Aron and I went downtown to do some chores: he took Graham with him to pay our
water bill, and I went to the post office right across the street by myself to
ship a book that I recently sold on Amazon. As I walked on the sidewalk toward the post office entrance, an older gentleman passed me. He nodded his head in a
friendly way, but it took me a moment to notice, and by the time I caught onto his friendly gesture and sought eye contact to give him a friendly nod back,
his eyes were undeniably on my boobs. He was not a casual gawker. And then
after I shipped my book a young Aryan frat boy held the door open for me at the post office exit. Frat boys aren't considerate people. (I know that's a
generalization, but so is Cars have tires.

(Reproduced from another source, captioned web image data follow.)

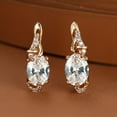 thumbnail image 5 of Trendy 18K Gold Plated Blue Sapphire Stud Earrings with Round and Oval Cut Stones - Perfect for Anniversary and Special Occasions, 5 of 5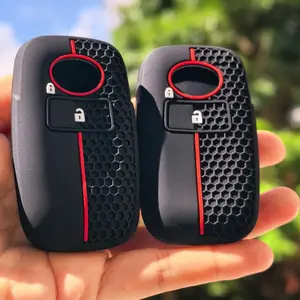 Premium Protective Key Cover - Silicone Car Remote Key Case Remote Flip Key FOB Shell For Toyota RAIZE For Daihatsu Rocky 2 Buttons Fob Key Chain Accessories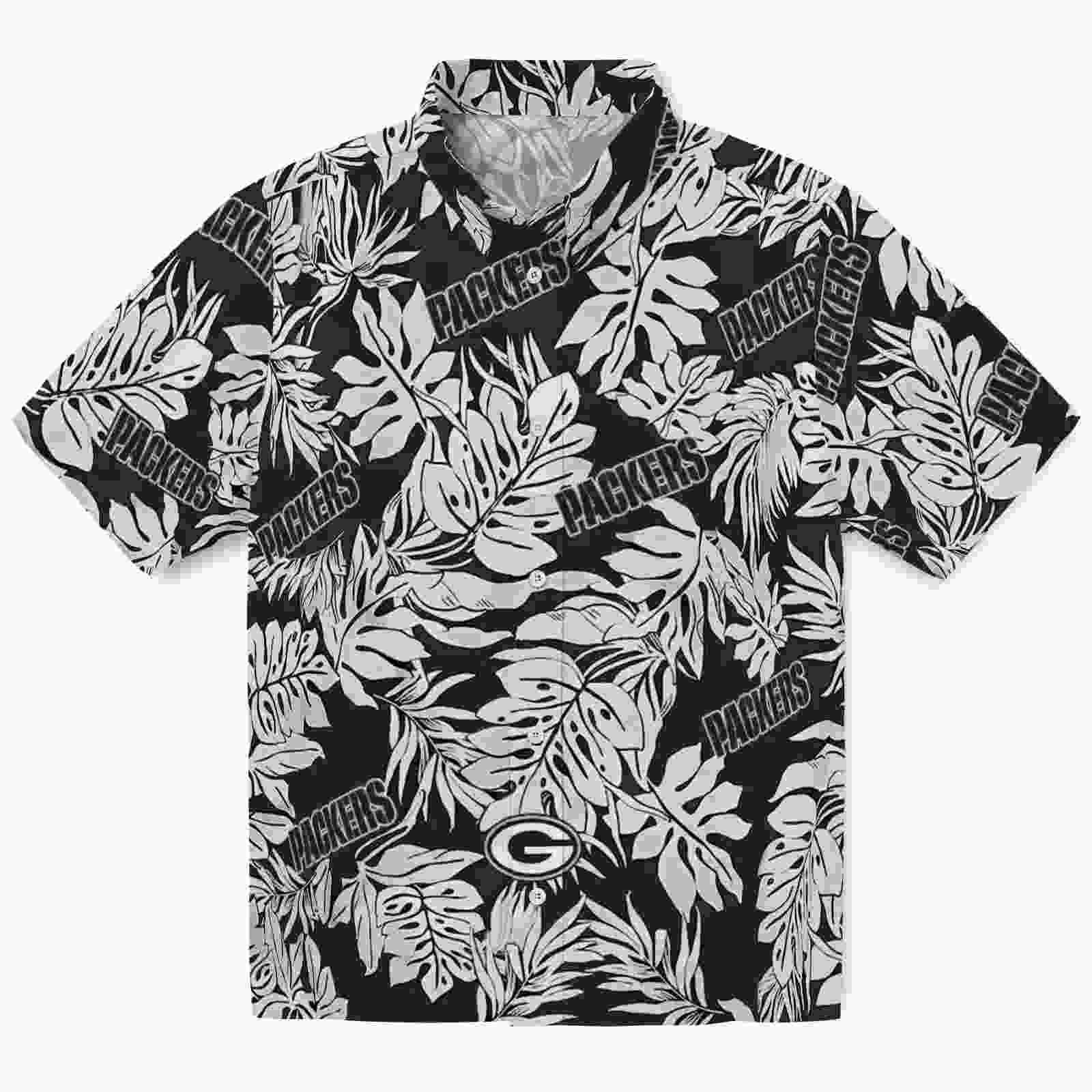 Green Bay Packers Monstera Leaf Pattern Black Hawaiian Shirt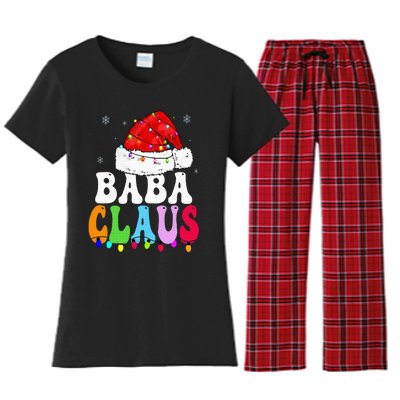 Baba Claus Funny Xmas Family Matching Baba Grandma Christmas Women's Flannel Pajama Set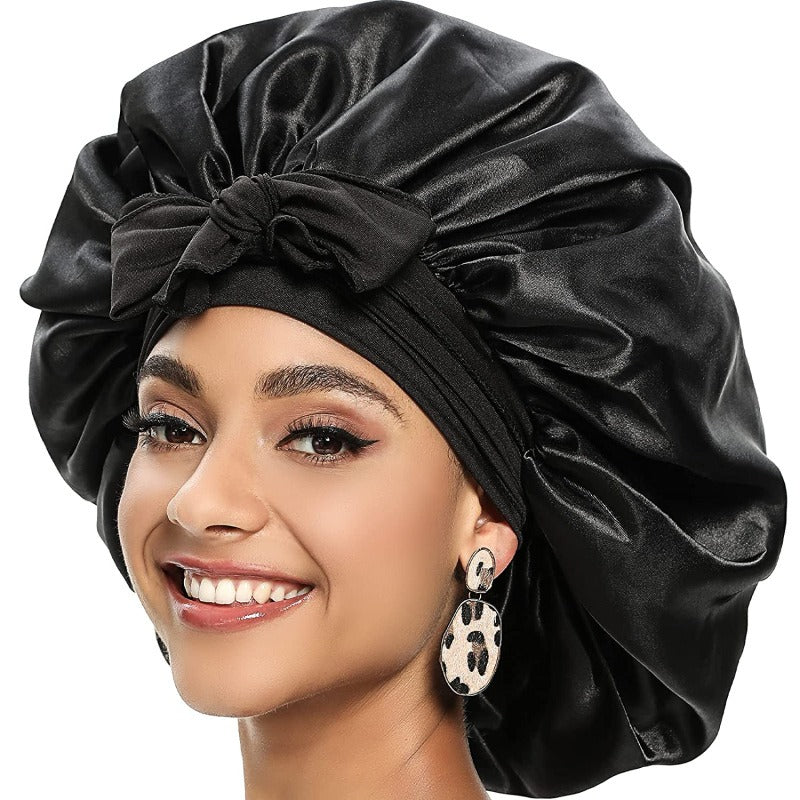 Laced Sleeping Bonnet Cap Silk Hair CareSleeping Cap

There may be cars without tires, but that doesn't mean that I have to use
qualifiers like "most" or "usually." But I can use those qualifiers, lest I
offend anyone: Most frat boys
aren't considerate people usually. They don't even throw away their own beer cans.

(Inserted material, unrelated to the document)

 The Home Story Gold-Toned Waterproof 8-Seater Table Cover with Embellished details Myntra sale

They have landscapers.) I don't want to personally attack the Aryan frat boy from the post office, who might've been a car without tires, but I also
didn't want to accept a "favor" from him, so instead of directly
exiting the post office, once I noticed him looking at me while propping the door open, I stopped and peered into a trashcan until he lost
patience. It didn't take long.
I recognize that I may have felt looked at today because I
wasn't carrying Graham with me:
maybe our being separated disrupted my emotions and made me a less
reliable perceiver of reality. Or it could've been that the man looked at my boob area because he was surprised there wasn't a baby there. And maybe the frat boy opened the door because I looked as lonely and vulnerable without Graham as I feel without him. But it's also true that my boobs were on display
today.
I'm not offended or frightened when someone looks at my
boobs. But that's just such a dumb place to start. As I have mentioned many
times before, my boobs are broken. They didn't produce breastmilk. Looking at
my boobs is like dreaming of owning a used Buick. I distrust the taste of
anyone who looks at my boobs, unless it's a woman, in which case I imagine that
she sees them and also sees instantly that I'm a mother, and even if she
notices that my boobs are wonkily different sizes, she'll still think they're beautiful, and then she'd imagine that my stomach is home to gorgeous pudge, unless this woman is a typical sorority girl, in which case she might not think so generously.